Okay, the first thing I did was select the sample text in your document and set my default formatting to that. I then went through the checklist, but I got the same result that I started with, regarding indent settings. I tried Block Quote initially, but found your first-line indent is nearly identical to its block left indent, so I used Heading 1 as well, which has no indent.
The only difference should be the font, in our tests, as I don’t have the one you use by default and ended up with Helvetica.
I started this with an old v2 project (that had been converted to v3 a while ago).
I then made the following changes:
stripped out all other documents
changed the account-wide default format to the font in the test document
applied the default format to all text
used Save As to save the file to a new name
I then applied the styles.
I would have thought that applying the default format, since it didn’t have any special indents or anything defined, would have overridden any tabs or indents defined in the text, so reverting back to No Style should have worked the same as you saw. Is that not the case?
The “No Style” setting will set text to the application or project default formatting, and as well, strip the style assignment from the cursor context.

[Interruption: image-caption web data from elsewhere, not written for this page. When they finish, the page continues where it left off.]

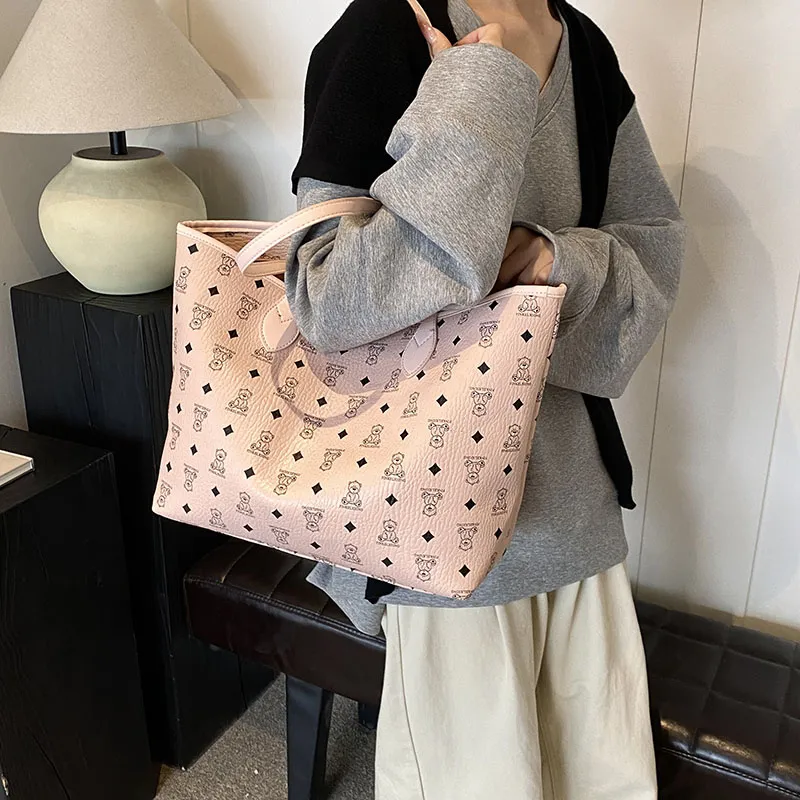 Gerlanx PU Tote Bag Shoulder Bag Large Size Women's Brown/White/Pink/Black-8
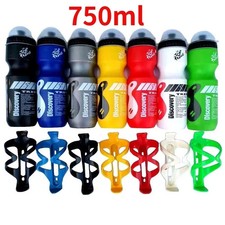 750ML Mountain Bike Bicycle Cycling Water Drink Bottle and Holder Cage Portable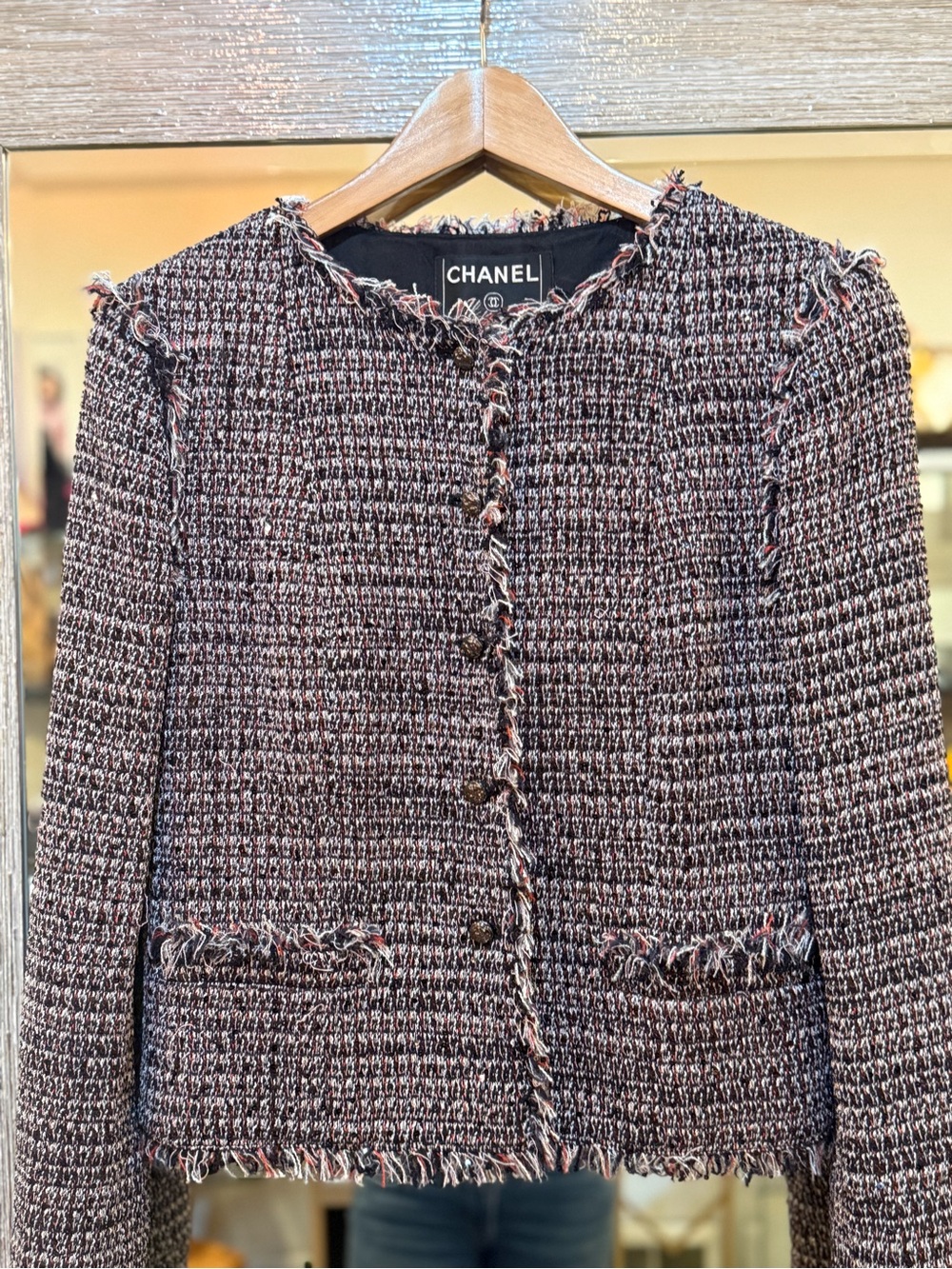 CHANEL Black & Pink Tweed Collarless Jacket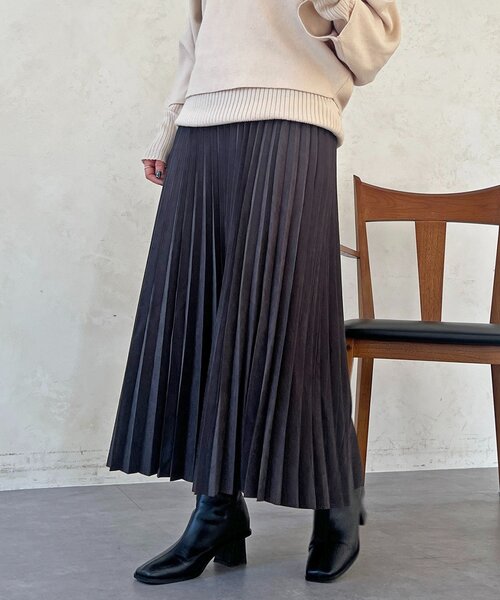 un dix cors（アンディコール）の「アコーディオンプリーツスカート（スカート・レディース・チャコールグレー/ブルー/ベージュ・FREE）」の19枚目の写真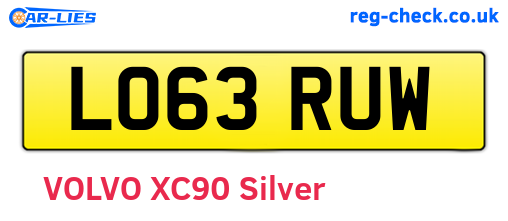 LO63RUW are the vehicle registration plates.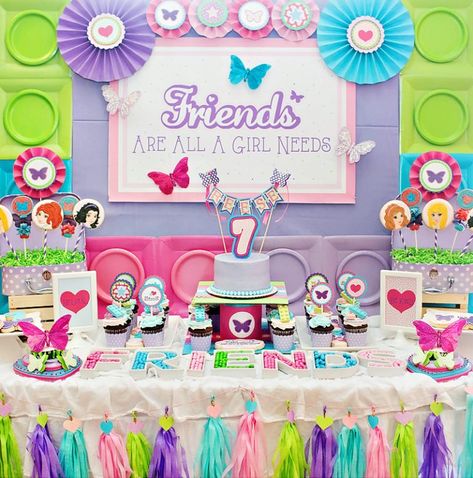 A Charming & GIRLY Lego Friends Birthday Party // Hostess with the Mostess® Lego Girls Birthday Party, Friends Birthday Party Ideas, Girls Lego Party, Lego Friends Birthday Party, Lego Friends Birthday, Lego Friends Party, Friends Birthday Party, Lego Themed Party, Friends Cake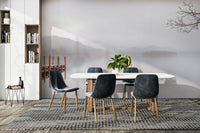 The mural shows a peaceful forest scene.

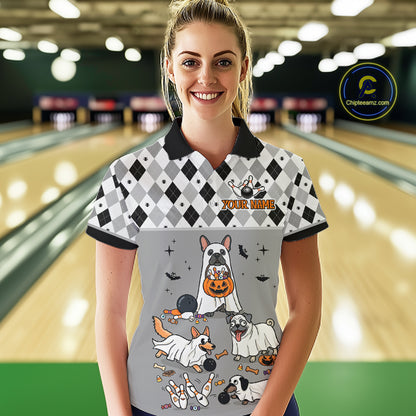 French Grey Bulldog Halloween Bowling Team League Shirt, Bowling Polo Jersey For Women NHT1496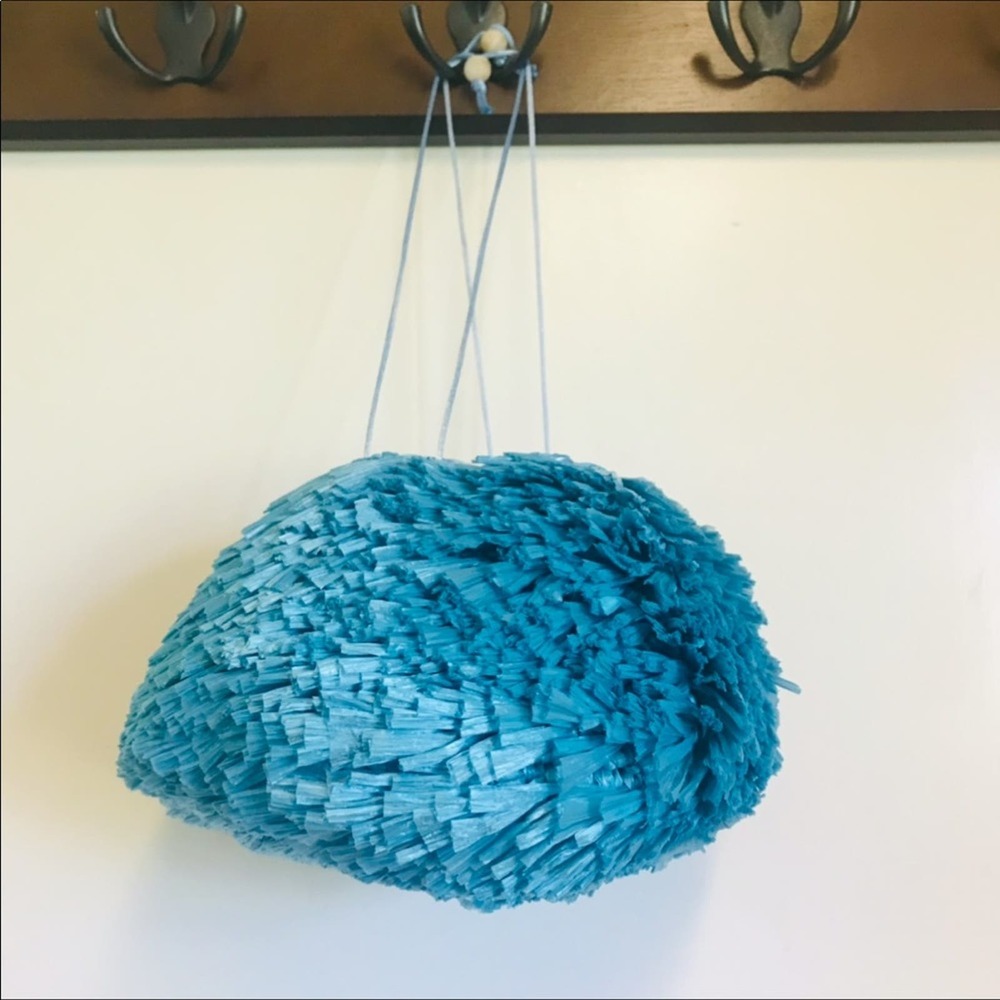 Carolina Santo Domingo Uni Raffia Ocean Blue Purse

It’s a bit like the bulk document conversion tool with the option set to remove styles—the formatting result should be identical. Thus, if the basic order of things are:
Apply default formatting to document with default settings.
Change formatting of text in document (in any way).
Apply “No Style” to text.
Then the result should be the text looking identical after the first and third steps.
The only discrepancy I can see in there is that the sample project has an indent applied to the text, which I presume is the intended default formatting—so I don’t follow what you mean when you say the default format does not have any indents.